Thursday, October 29, 2009

What Legalising Marijuana is Not

In this post, I devote my attention to refuting two counterarguments against the legalization of marijuana. These points were brought up in the context of comment responses to my previous posts, and I thank the contributors for raising these questions and for allowing me to address them here.

Legalising marijuana is not tantamount to the promotion of its use; it merely gives people the choice to use it legally. Even as it is tempting to think that legalisation would open the floodgates to marijuana promotion, there is still a substantial logic jump one has to make before a causal relationship between legal condonation and legal promotion can be satisfactorily established.

Legalising marijuana is also not necessarily at odds with the responsibilities of the education service in transmitting “good” values to the young. While the fact that children are educated on the desirability of a “drug-free” lifestyle seems at odds with any attempt by the law to legalize the use of marijuana, what must be qualified is that the education process does not force children to make the decision for themselves. Education can inform, qualify, and even persuade, but ultimately it does not determine the type of lifestyle the child will turn out to lead because the child still holds the sacred right in deciding his/her own development.

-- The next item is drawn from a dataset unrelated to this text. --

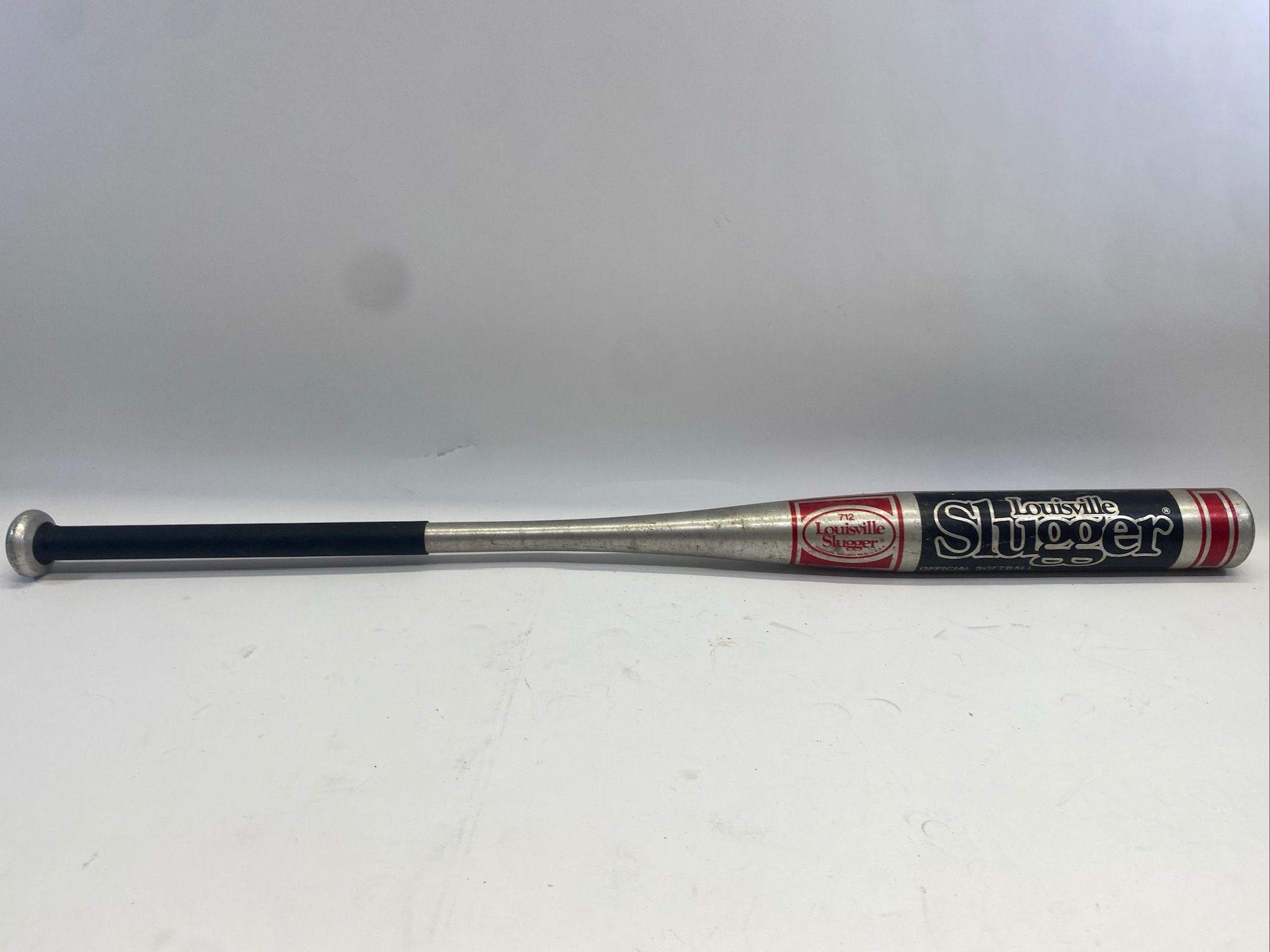 Louisville Slugger 712 Official Aluminum Softball Bat 34” 29 oz.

What must also be differentiated here is the function of education vis-a-vis the function of law. The function of the former is to inform, whilst the function of the latter is to persecute. Ideally, these functions should deal with the same loci of concerns. As a case in point, the act of killing is taught to be immoral and is heavily punished by law. In the case of marijuana, however, and as with the cases of obesity, sexual promiscuity, alcohol consumption, and smoking, the moral boundaries are less clear. In these cases, the function of education should be to equip the individual to make his/her own choices, and the function of law should be to support this function. Insofar as the issue in question is not clearly defined in moral black and whites, the law should not supersede the function of education; neither should education take the function of the law.